Quando você me contou sobre Diana, meu coração ficou apertado em razão dos tantos desencontros entre vocês. Ela foi seu primeiro amor, o que implica dizer que você tem alma de Monique, é um pássaro que não admite ser engaiolado a um rótulo e não beijou o primeiro que apareceu na frente só para sair do centro das atenções dos desocupados que querem ditar quando e como as coisas devem ser.
Diana também era um homem no corpo de uma mulher?

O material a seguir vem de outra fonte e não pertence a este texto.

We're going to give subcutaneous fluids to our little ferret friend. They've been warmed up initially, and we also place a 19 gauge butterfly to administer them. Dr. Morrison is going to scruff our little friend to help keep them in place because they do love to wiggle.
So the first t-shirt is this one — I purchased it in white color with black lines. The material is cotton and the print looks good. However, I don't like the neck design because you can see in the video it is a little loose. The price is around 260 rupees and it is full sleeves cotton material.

Entendo também todo medo que você sentiu por amar outra garota e viver numa época em que a incompreensão beirava ao primitivo. Não que nossas almas coloridas vivam um sonho dourado, mas houve alguns progressos nesse sentido e desejo que daqui a alguns anos ser ou não homo/bi/trans seja tão comum quanto ligar o celular, deixe de ser alvo de tanto ódio, tantos julgamentos equivocados…
Obrigado por confiar em mim. Por ter coragem de compartilhar mais do que a sua vida, também seu tempo e seu amor. Não sei que tipo de amor você sente por mim hoje, dez anos depois, espero apenas que no saldo de nosso envolvimento, o aprendizado e as alegrias sejam maiores do que as dores.